It should be set before drm_sched_entity_push_job().  I wouldn't
really expect drivers to know the value at drm_sched_job_init() time.
But they would by the time drm_sched_entity_push_job() is called.

> >       /** @last_dependency: tracks @dependencies as they signal */
> >       unsigned int                    last_dependency;
> >       atomic_t                        karma;
> > @@ -485,6 +487,10 @@ struct drm_sched_backend_ops {
> >   * @ops: backend operations provided by the driver.
> >   * @credit_limit: the credit limit of this scheduler
> >   * @credit_count: the current credit count of this scheduler
> > + * @enqueue_credit_limit: the credit limit of jobs pushed to
> > scheduler and not
> > + *                        yet run
> > + * @enqueue_credit_count: the current crdit count of jobs pushed to
> > scheduler
> > + *                        but not yet run
> >   * @timeout: the time after which a job is removed from the
> > scheduler.
> >   * @name: name of the ring for which this scheduler is being used.
> >   * @num_rqs: Number of run-queues. This is at most
> > DRM_SCHED_PRIORITY_COUNT,
> > @@ -518,6 +524,8 @@ struct drm_gpu_scheduler {
> >       const struct drm_sched_backend_ops      *ops;
> >       u32                             credit_limit;
> >       atomic_t                        credit_count;
> > +     u32                             enqueue_credit_limit;
> > +     atomic_t                        enqueue_credit_count;
> >       long                            timeout;
> >       const char                      *name;
> >       u32                             num_rqs;
> > @@ -550,6 +558,8 @@ struct drm_gpu_scheduler {
> >   * @num_rqs: Number of run-queues.

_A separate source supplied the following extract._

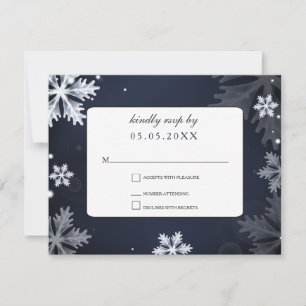 Navy Blue snowflakes winter wedding rsvp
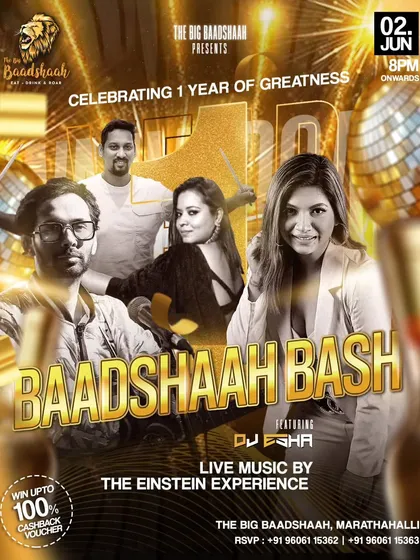The official poster for the "Baadshaah Bash," celebrating the venue's anniversary with our live performance as the main musical act.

This may be at most
> > DRM_SCHED_PRIORITY_COUNT,
> >   *        as there's usually one run-queue per priority, but may
> > be less.
> >   * @credit_limit: the number of credits this scheduler can hold from
> > all jobs
> > + * @enqueue_credit_limit: the number of credits that can be enqueued
> > before
> > + *                        drm_sched_entity_push_job() blocks
>
> Is it optional or not? Can it be deactivated?
>
> It seems to me that it is optional, and so far only used in msm. If
> there are no other parties in need for that mechanism, the right place
> to have this feature probably is msm, which has all the knowledge about
> when to block already.
>

As with the existing credit_limit, it is optional.  Although I think
it would be also useful for other drivers that use drm sched for
VM_BIND queues, for the same reason.

BR,
-R

>
> Regards
> P.
>
>
> >   * @hang_limit: number of times to allow a job to hang before
> > dropping it.
> >   *           This mechanism is DEPRECATED. Set it to 0.
> >   * @timeout: timeout value in jiffies for submitted jobs.
> > @@ -564,6 +574,7 @@ struct drm_sched_init_args {
> >       struct workqueue_struct *timeout_wq;
> >       u32 num_rqs;
> >       u32 credit_limit;
> > +     u32 enqueue_credit_limit;
> >       unsigned int hang_limit;
> >       long timeout;
> >       atomic_t *score;
> > @@ -600,7 +611,7 @@ int drm_sched_job_init(struct drm_sched_job *job,
> >                      struct drm_sched_entity *entity,
> >                      u32 credits, void *owner);
> >  void drm_sched_job_arm(struct drm_sched_job *job);
> > -void drm_sched_entity_push_job(struct drm_sched_job *sched_job);
> > +int drm_sched_entity_push_job(struct drm_sched_job *sched_job);
> >  int drm_sched_job_add_dependency(struct drm_sched_job *job,
> >                                struct dma_fence *fence);
> >  int drm_sched_job_add_syncobj_dependency(struct drm_sched_job *job,
>